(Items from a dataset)
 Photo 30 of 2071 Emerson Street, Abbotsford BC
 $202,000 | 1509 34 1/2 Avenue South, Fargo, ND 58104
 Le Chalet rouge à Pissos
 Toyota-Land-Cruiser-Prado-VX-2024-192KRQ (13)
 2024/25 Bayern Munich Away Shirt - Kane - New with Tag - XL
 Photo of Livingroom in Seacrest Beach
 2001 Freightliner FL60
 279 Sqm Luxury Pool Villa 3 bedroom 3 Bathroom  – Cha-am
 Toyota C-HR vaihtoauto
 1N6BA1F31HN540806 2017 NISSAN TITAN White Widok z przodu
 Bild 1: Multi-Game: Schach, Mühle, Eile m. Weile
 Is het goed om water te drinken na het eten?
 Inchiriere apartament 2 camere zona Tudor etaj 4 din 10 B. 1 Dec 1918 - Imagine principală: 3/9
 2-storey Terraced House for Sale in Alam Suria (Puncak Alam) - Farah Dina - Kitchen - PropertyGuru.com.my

:: Work required ::
Using the records above, output exactly the lines from the one containing "2001 Freightliner FL60" through the last line, and no others.

:: Completed exercise ::
 2001 Freightliner FL60
 279 Sqm Luxury Pool Villa 3 bedroom 3 Bathroom  – Cha-am
 Toyota C-HR vaihtoauto
 1N6BA1F31HN540806 2017 NISSAN TITAN White Widok z przodu
 Bild 1: Multi-Game: Schach, Mühle, Eile m. Weile
 Is het goed om water te drinken na het eten?
 Inchiriere apartament 2 camere zona Tudor etaj 4 din 10 B. 1 Dec 1918 - Imagine principală: 3/9
 2-storey Terraced House for Sale in Alam Suria (Puncak Alam) - Farah Dina - Kitchen - PropertyGuru.com.my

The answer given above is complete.